Step 8. Optionally add more transformations
One bulk-load flow can target many destination tables — add one transformation per table.
Schema drift
Two flags control how schema differences are handled:
- Create temp tables with only TEXT columns (default true) — the staging Delta table is created with every column as STRING, then the engine casts during COPY INTO. This absorbs minor schema changes between batches without failing the load.
- Alter target table if source has new columns — enable to ALTER TABLE ADD COLUMNS when the source widens.
Handling processed files
Delete processed files
Purge File if Success is on by default. To keep the files after load, turn it off.

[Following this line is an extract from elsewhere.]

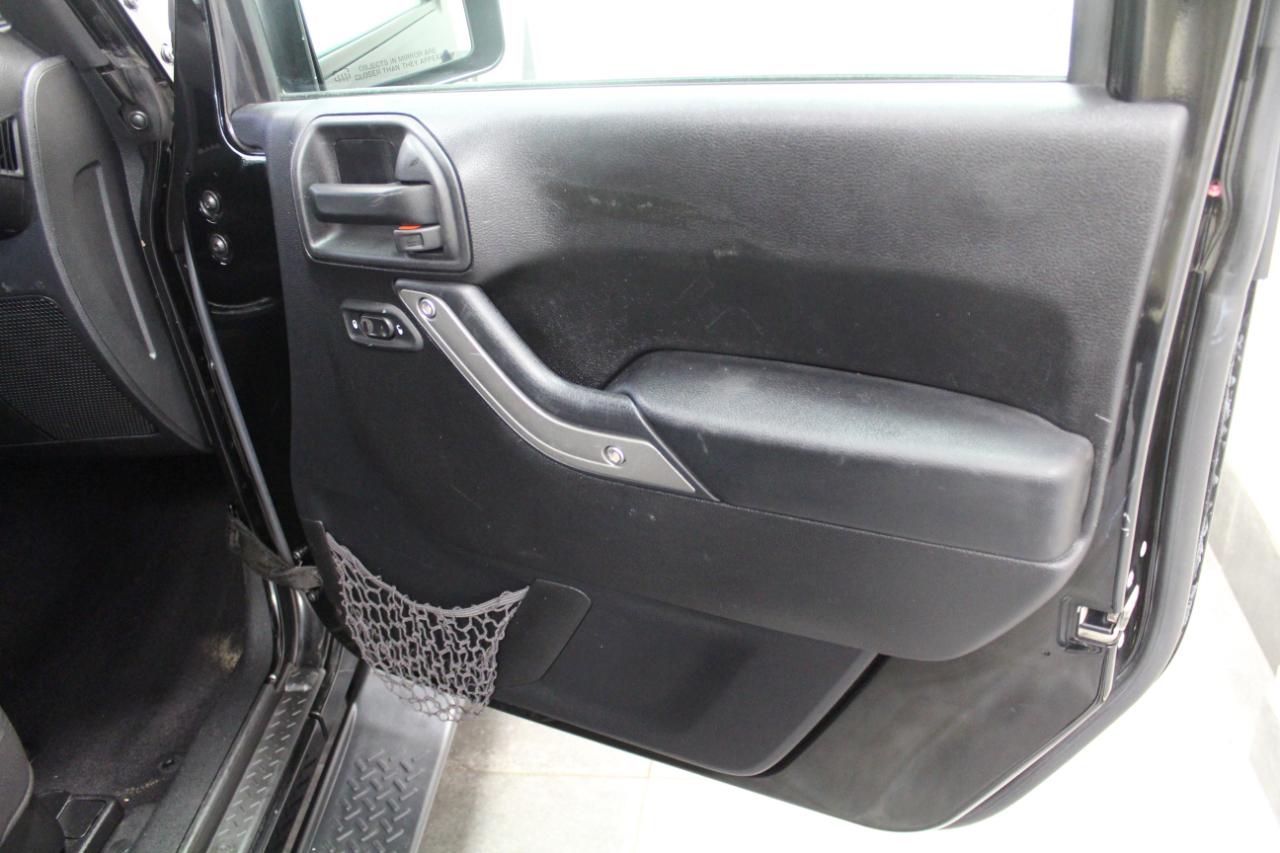 Jeep Wrangler 4WD 2dr Sport 2016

Skip already-processed files
Enable Skip Previously Processed Files. Etlworks maintains a cache of processed filenames; on the next run, matching files are ignored. The cache TTL and storage location are configurable.
Move processed files
Set the Move processed files to named connection on the flow to archive loaded files to a different bucket / path.
Troubleshooting
For common load issues (credential errors, missing external locations, type-cast failures), see Common issues when loading data into cloud data warehouses.